Não é novidade hoje e nunca foi. Desde a época do “descobrimento” do Brasil esse tipo de aprisionamento coletivo existe. Foi assim com os aldeamentos de povos indígenas para doutrinação e conversão ao catolicismo e na seca de 1845 com uma experiência voltada para os retirantes famintos feita por um frade capuchinho que foi chamada de abarracamento. São experiências precursoras desta política. Os campos foram criados com medo que o grande deslocamento do interior para a capital em 1877 se repetisse. Um dos argumentos usados quase 100 anos atrás segue vivo até hoje: raças superiores e inferiores, sub-raças, grupos sociais que já nasciam para viver como subalternos. Então os campos eram uma solução “correta”.

Os campos de concentração uniam a necessidade do crescimento urbano com a falta de mão-de-obra. Quem vinha do interior supria essa necessidade, sendo colocados para trabalhar em obras públicas tendo em troca moradia, alimentação e acesso à saúde. O resultado disso foi uma estrutura precária levando a morte de milhares.
Uma boa fonte é o livro Isolamento e Poder – Fortaleza e os campos de concentração na Seca de 1932, da historiadora Kênia Rios.
A Paradoxo, banda de Limoeiro do Norte (CE) usou o thrash/crossover como forma de trazer de volta essa triste história do estado. O disco 1932 é conceitual em torno do tema dos campos de concentração com 10 músicas, em uma sonoridade rápida e pesada. “Era comum a gente crescer ouvindo de algum parente mais velho como os períodos de seca ou de enchentes costumavam castigar nossa região. Na escola, alguns professores chegavam a comentar sobre esse problema recorrente das secas e davam algum outro relato sobre a existência de locais que foram usados para abrigar famílias que trabalharam na construção de barragens. Rachel de Queiroz também faz uma descrição desses problemas em seu livro O Quinze, onde aponta diversos problemas causados pela seca e êxodo de famílias do interior do estado em busca de melhores condições na capital”, relata Augusto Pitombeira, vocalista da banda.

A Paradoxo existe há mais de 10 anos e tem outros trabalhos lançados, a demo Valor da Salvação (2013) e Sociedade (2018).
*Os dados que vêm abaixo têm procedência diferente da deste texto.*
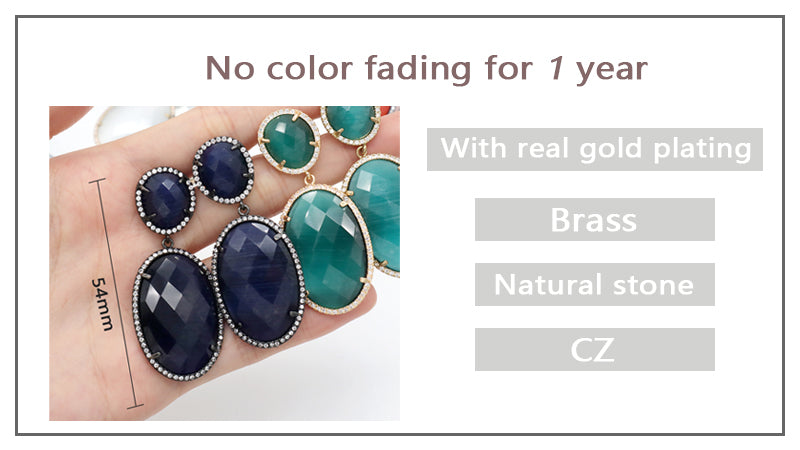 Miss Gift Jewelry Custom Factory Teardrop Various Colorful CZ Natural Stone Earring Stud Gold Plated natural gemstone Earrings
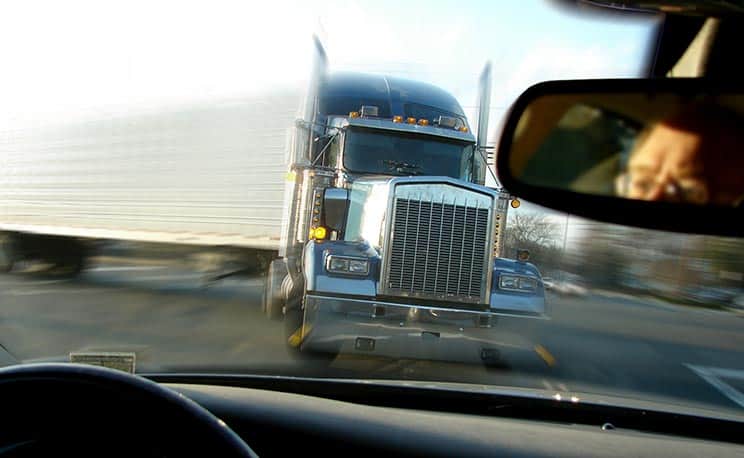 Oncoming Large Truck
A banda já passou por várias formações e atualmente conta com Nalber Silva (guitarra), Marcelo Victor (bateria), Reuber Tadeu (baixo/voz) e Augusto Pitombeira. Gugu, como é conhecido Augusto Pitombeira, foi o último a entrar quando voltou a morar na cidade de Limoeiro do Norte. Já conhecia os integrantes e chegaram a tocar juntos em outra banda. Convidado a assumir os vocais, chegou com a produção do disco em andamento para ajudar na finalização.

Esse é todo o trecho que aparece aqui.